"Howard Witt is the Southwest Bureau Chief of the Chicago Tribune, based in Houston, Texas. He joined the paper as a summer intern in 1982 and during his 25-year career has been a national correspondent, foreign correspondent and editor . . . Among many stories of international significance, he covered the Lockerbie crash, the fall of the Berlin Wall, the ouster of Ceausescu, the release of Nelson Mandela and the end of apartheid and the Moscow coups in 1991 and 1993 and the dissolution of the Soviet Union." Chicago Tribube
In the YouTube interview above, Howard Witt describes the importance and interrelatedness of afrosphere Black bloggers - "the power of these blogs to organize people and to become activists based on information from the mainstream media."
Witt says,
I orginally assumed in this kind of attitude that I think a lot of mainstream journalists have about blogs: I was really dismissive of them, I thought they were these narcissistic exercises. I still think that to a large extent with regard to what you would call, quote, unquote "white blogs", the liberal blogs like DailyKos and Huffington Post and some of these . . . Those blogs, as far as I'm concerned, are pretty boring. They're pretty much people expostulating about what they've seen in the New York Times . . .But, what I found in the ethnic blogs, in the African American blogs in particular, and to an additional extent Hispanic blogs and Asian blogs, is that those bloggers are organized around much more visceral community issues, around real problems. They're writing about real issues and uncovering issues um, that effect peoples lives. And they're organizing around them and creating activism around them.
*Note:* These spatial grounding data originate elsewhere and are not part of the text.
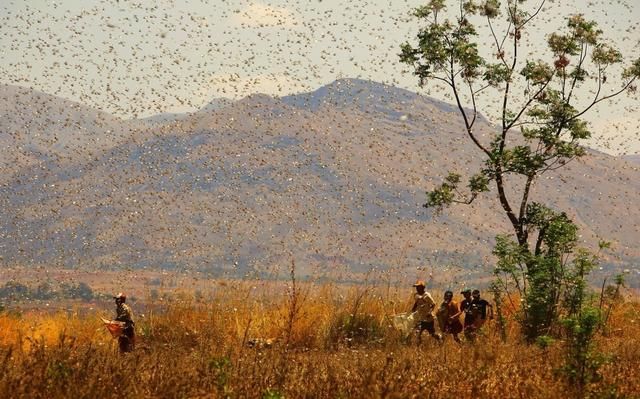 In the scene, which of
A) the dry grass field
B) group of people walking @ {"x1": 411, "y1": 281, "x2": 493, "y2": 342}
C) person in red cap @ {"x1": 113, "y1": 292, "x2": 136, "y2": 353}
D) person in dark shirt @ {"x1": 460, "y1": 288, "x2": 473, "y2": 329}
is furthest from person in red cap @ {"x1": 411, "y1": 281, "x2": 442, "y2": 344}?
person in red cap @ {"x1": 113, "y1": 292, "x2": 136, "y2": 353}

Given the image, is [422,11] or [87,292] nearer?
[422,11]

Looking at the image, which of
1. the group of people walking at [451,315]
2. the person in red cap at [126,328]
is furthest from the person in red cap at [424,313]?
the person in red cap at [126,328]

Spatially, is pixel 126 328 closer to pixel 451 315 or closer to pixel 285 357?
pixel 451 315

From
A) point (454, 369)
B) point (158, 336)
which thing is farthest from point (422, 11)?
point (454, 369)

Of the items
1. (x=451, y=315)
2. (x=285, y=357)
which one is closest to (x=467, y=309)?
(x=451, y=315)

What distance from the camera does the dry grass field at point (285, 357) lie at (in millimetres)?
7625

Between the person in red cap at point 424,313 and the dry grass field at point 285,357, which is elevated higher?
the person in red cap at point 424,313

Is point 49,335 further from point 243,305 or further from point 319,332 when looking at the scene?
point 319,332

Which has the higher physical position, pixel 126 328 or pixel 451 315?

It's hard to think about the last time the DailyKos actually did something, created something, changed something, whereas the Black blogs can claim to have freed a fourteen year-old girl from prison; they can claim to have drawn 20,000 people to the town of Jena; and that's an incredible power that they are learning to harness and exploit. So, I have incredible respect for these blogs now, and in fact I view them as essential ways to help distribute the stories I write in the mainstream media.